2. Battle of Austerlitz (1805-12-02)

File: configs/scenarios/historical/austerlitz.yaml

Napoleon's tactical masterpiece: he feigned weakness on his right to draw the Allied left wing off the Pratzen Heights, then struck the weakened centre with Soult's corps.

Metric Value
Blue (French) units 4
Red (Allied) units 5
Historical winner Blue (French)
French casualties ~12 %
Allied casualties ~47 %
Terrain Generated (Pratzen plateau)

3. Battle of Borodino (1812-09-07)

File: configs/scenarios/historical/borodino.yaml

The bloodiest day of the Napoleonic Wars: Napoleon's frontal assaults on fortified Russian earthworks produced enormous casualties on both sides but no decisive strategic result.

Metric Value
Blue (French) units 4
Red (Russian) units 5
Historical winner Draw (null)
French casualties ~35 %
Russian casualties ~40 %
Terrain Generated (redoubts + forests)

Adding New Scenarios

  1. Create a new YAML file in configs/scenarios/historical/.
  2. Follow the schema above.
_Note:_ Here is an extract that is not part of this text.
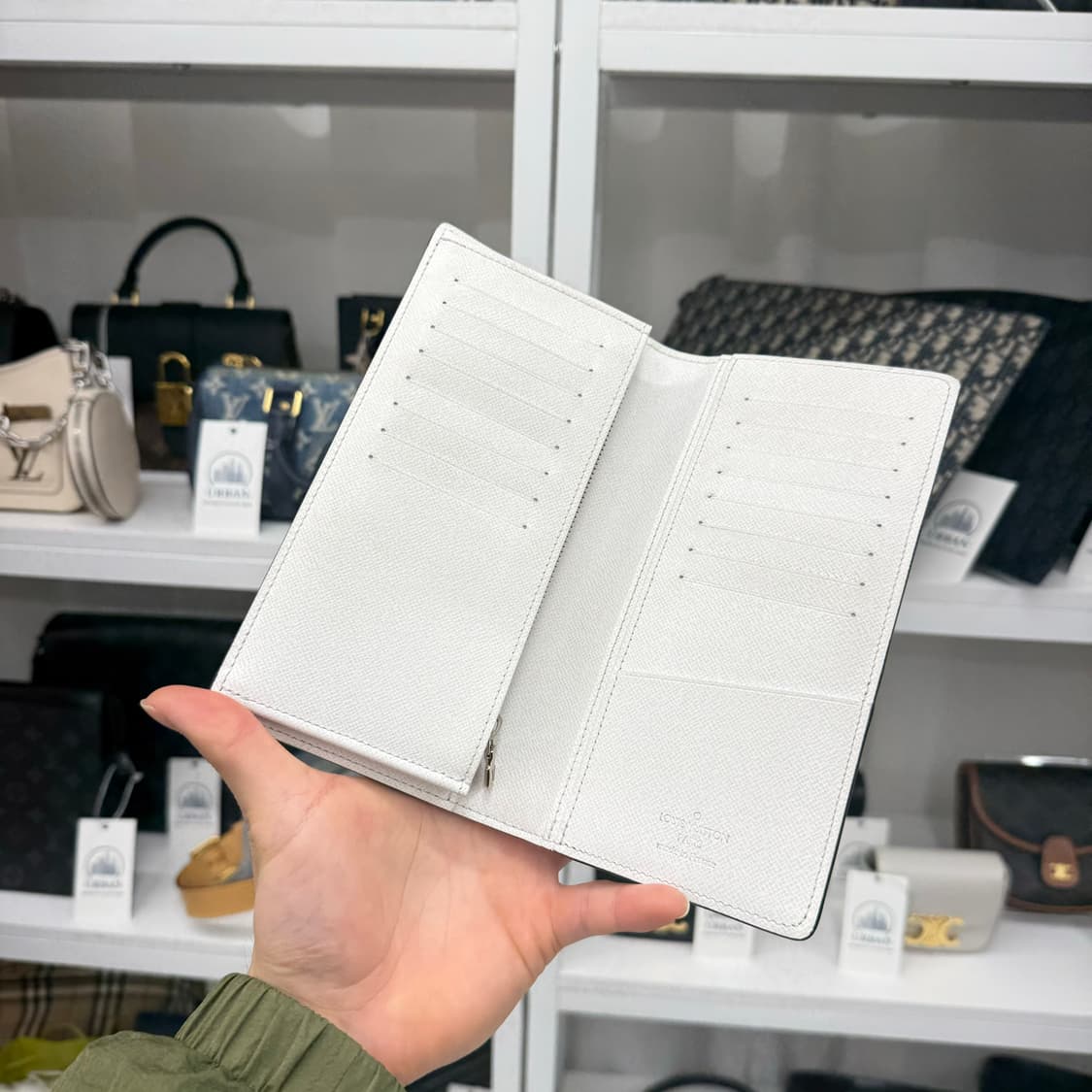 루이비통 화이트 옵틱 장지갑 상품이미지3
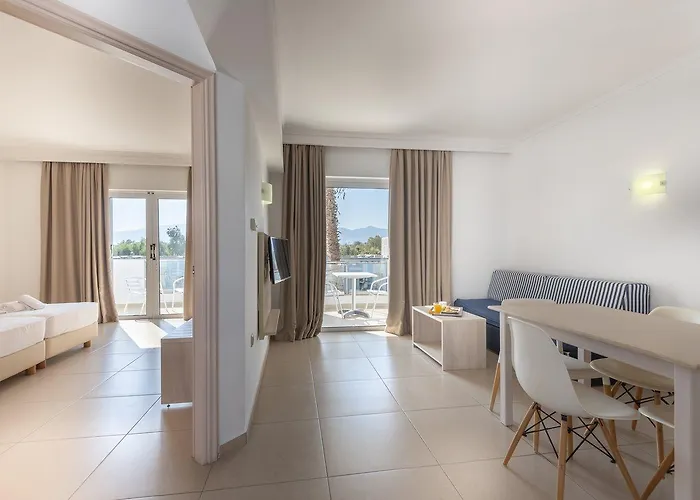 Aegean Blu Hotel&Apartments 4*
Use the three bundled scenarios as templates.
  3. Source casualty and order-of-battle data from peer-reviewed histories or established wargame order-of-battle databases (e.g., ORBAT references).
  4. Add at least one test in tests/test_historical_scenarios.py that:
  5. Loads the new file without error.
  6. Verifies the expected number of blue and red units.
  7. Verifies the historical winner field.
  8. Run python -m pytest tests/test_historical_scenarios.py to confirm.
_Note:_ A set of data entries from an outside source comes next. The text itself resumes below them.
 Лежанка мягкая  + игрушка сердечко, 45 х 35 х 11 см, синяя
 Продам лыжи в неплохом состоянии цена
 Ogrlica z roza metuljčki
Outcome Comparison Methodology

OutcomeComparator.compare(episode_result) returns a ComparisonResult with the following sub-scores:

Sub-score Weight Calculation
Winner accuracy 0.5 1.0 if winner matches, else 0.0
Casualty accuracy 0.3 1 − 0.5 × (|Δblue| + |Δred|), clamped to [0, 1]
Duration accuracy 0.2 1 − |Δsteps| / duration_steps, clamped to [0, 1]

Fidelity score = weighted mean of the three sub-scores ∈ [0, 1].

A fidelity score ≥ 0.7 is considered a good historical match. Scores < 0.5 indicate significant divergence from the historical record.


References

  • Chandler, D. G. (1966). The Campaigns of Napoleon. Macmillan.
  • Uffindell, A. (2003). The Eagle's Last Triumph: Napoleon's Victory at Ligny, June 1815. Greenhill Books.
  • Riehn, R. K. (1990). 1812: Napoleon's Russian Campaign. McGraw-Hill.
  • Duffy, C. (1977). Austerlitz 1805. Seeley Service & Co.